Is Investing in Girls’ Education Beneficial for Growth?
The question “is investing in girls’ education beneficial for growth?” has been instrumental in the fight for girls’ education in the developing world. Here are three reasons why this investment is essential.
Education changes the future.
When girls receive an education, their future changes. Many girls around the world grow up in families who have experienced generation after generation of poverty, and education provides a way to break that cycle. Educated girls can see past their current circumstances of poverty to a future career where they can earn a sustainable income and rise out of poverty. They will not be relegated to manual labor, but will be qualified for better opportunities.
When girls are educated, they are less likely to marry early and start families before they are ready.
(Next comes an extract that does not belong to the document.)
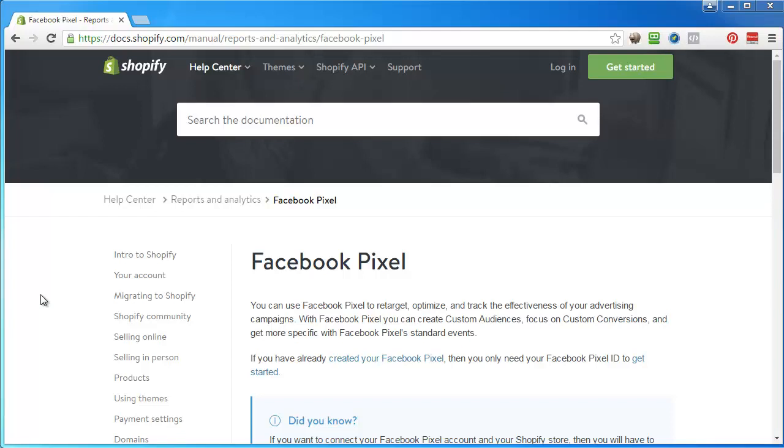Hey everybody, so I just got this notice that Shopify added the ability to place the Facebook pixel a lot easier than it was before.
The Global Partnership for Education estimates that if all girls in sub-Saharan Africa and South and West Asia were educated, “child marriage would fall by 64 percent, from almost 2.9 million to just over 1 million.”1
Education changes a family.
Literacy and education in general can change the trajectory of a family. When parents see the potential of their daughters, these girls play a large part in the future of their family.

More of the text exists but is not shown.